[[ INFORMATION PROVIDED open ]]
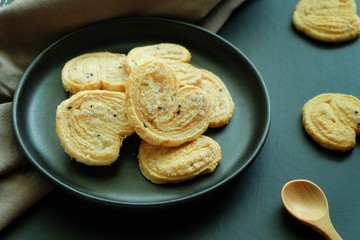 Butterfly cookies on black plate and black background. 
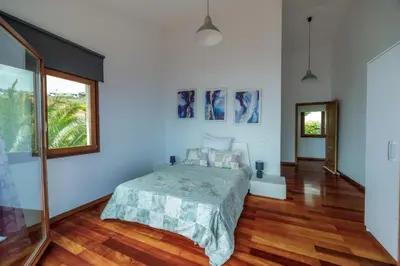 a bedroom with a bed and a large window at Casa Falésia in Caniço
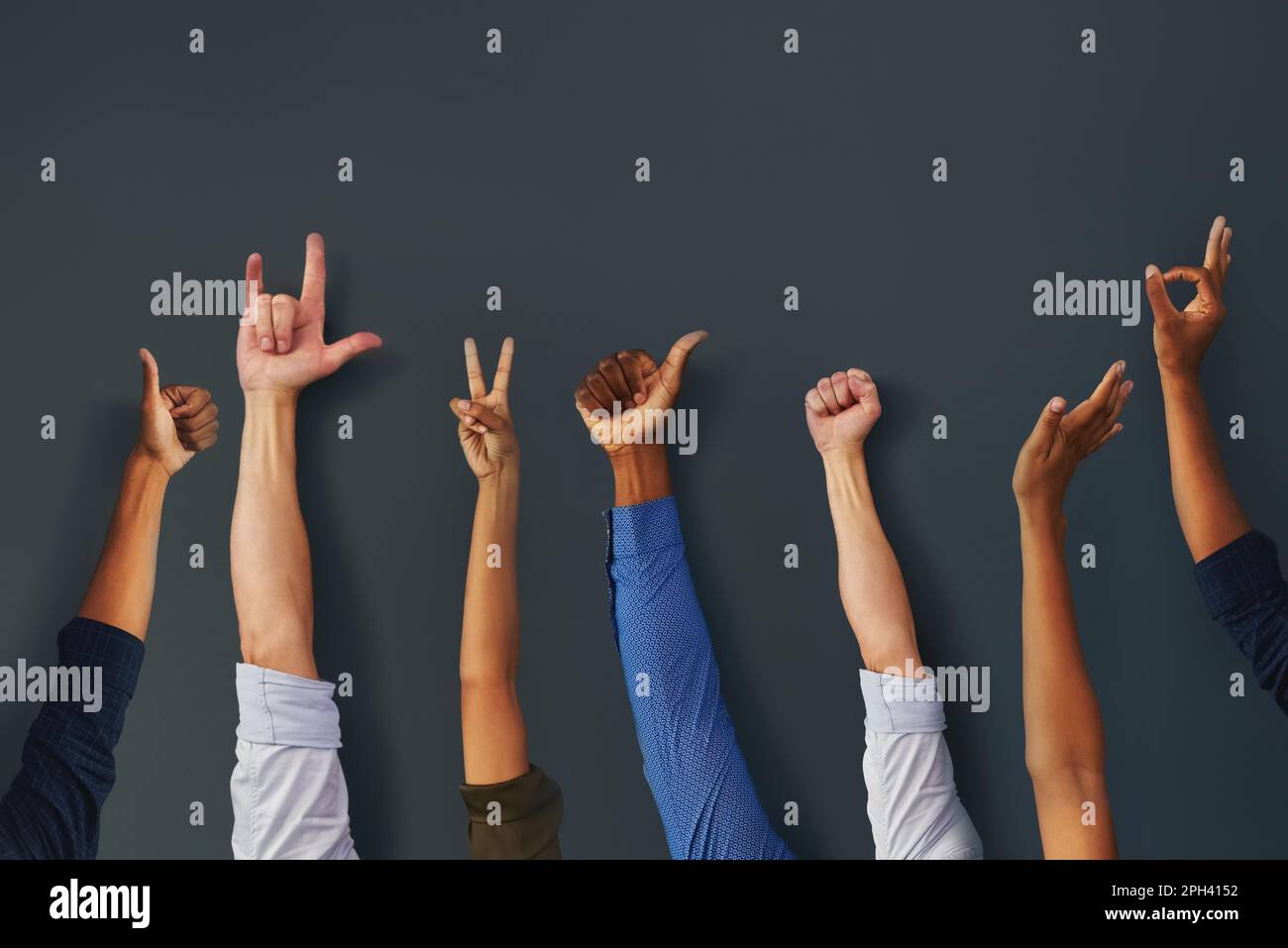 Nehmt die Hände hoch, Jungs. Eine Gruppe nicht wiedererkennbarer Menschen, die ihre Hände hochhalten und verschiedene Arten von Handgesten in einem Gebäude zeigen. Stockfoto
[[ INFORMATION PROVIDED closed ]]
• **TASK GOAL**: Copy each line above exactly. Images do not belong in the copy.

• **OUTPUT BELOW**:
 Butterfly cookies on black plate and black background. 
 a bedroom with a bed and a large window at Casa Falésia in Caniço
 Nehmt die Hände hoch, Jungs. Eine Gruppe nicht wiedererkennbarer Menschen, die ihre Hände hochhalten und verschiedene Arten von Handgesten in einem Gebäude zeigen. Stockfoto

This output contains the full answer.